Finally the Allies have to be prepared -- in the event that these first two decisive points are reached -- that the Axis will prefer to move either east or west and not fight on two fronts, with the goal of shutting down Allied access to one or the other side of the Mediterranean. Control of the Mediterranean is not much use to the Axis if they abandon North Africa, nor is it much use beyond supplying the Russian front via the Black Sea. It might be supposed that, once the Allies establish a foothold, the focus of battle will no longer be on reclaiming the French possessions but on the Axis intending to maintain control of one of the two outlets from the Mediterranean besides the one that leads toward Russia, i.e., Suez or Gibraltar.
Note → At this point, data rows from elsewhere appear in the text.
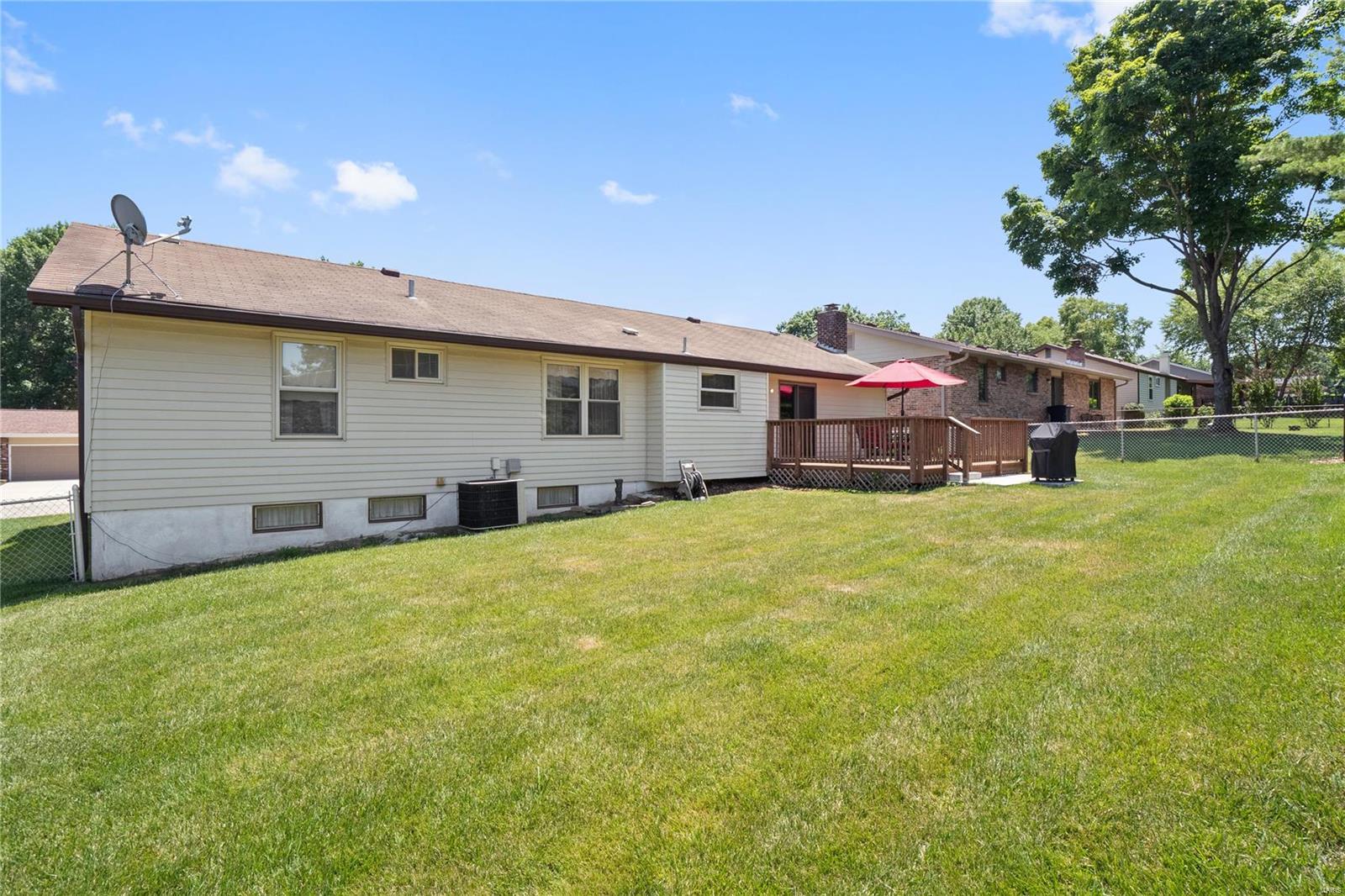 5849 Hempline Road St. Louis, MO 63129 - Photo 24 of 29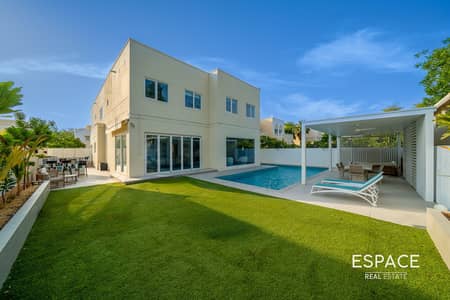 5 habitaciones Villa para en Venta en The Meadows, Dubai - Villa en The Meadows，The Meadows 9, 5 dormitorios, 13950000 AED - 15594523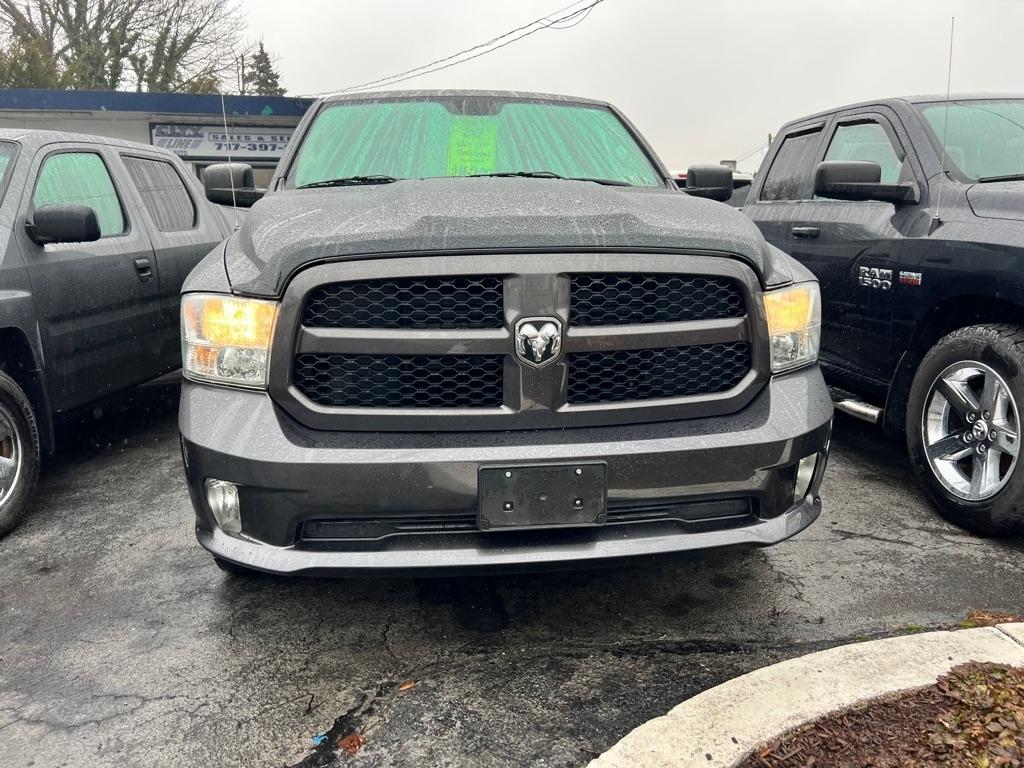 RAM 1500 Tradesman Quad Cab 4WD 2017
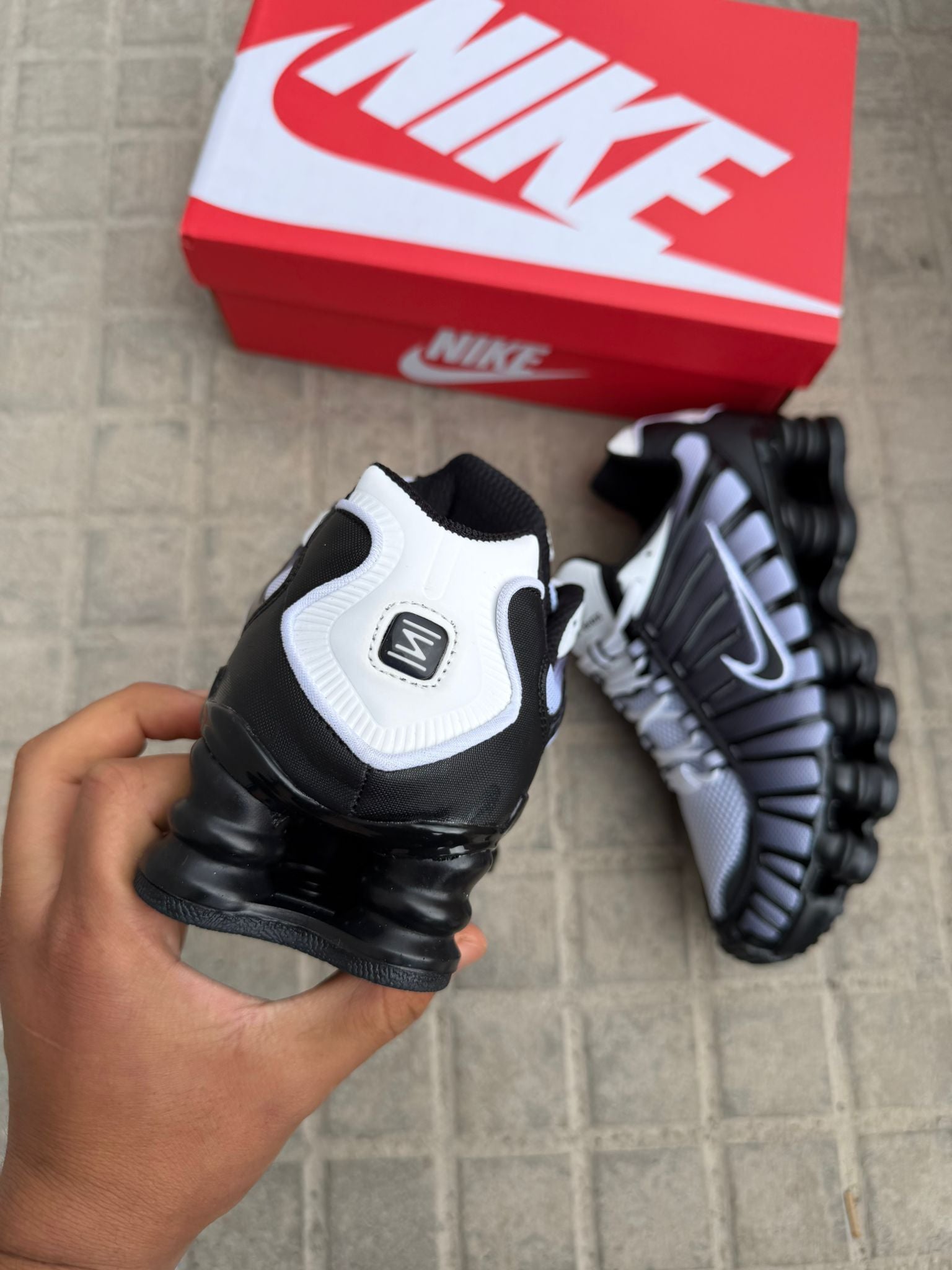 NIKE SHOX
Gibraltar would only make sense in the context of Spain mobilizing to enter the fight due to discomfort with Allied presence in their backyard -- while Spain is fascist and might conceivably have more sympathy for Axis ideology, Spain has also recently undergone a costly and bloody civil war, and has maintained its neutrality for a reason. Therefore the Question would be whether Rommel pushes eastward, but thus far the British Allied forces have held him off in the desert equivalent of trench warfare in the Western Desert. As long as the Allies manage to hold both of these fronts, at the two outlets of the Mediterranean, the Axis will have nowhere else to go but vanish back up their LOC into Sicily and the Italian peninsula -- leaving the Allies to chase them, as part of a larger strategy of invading continental Europe once a presence in North Africa has been established.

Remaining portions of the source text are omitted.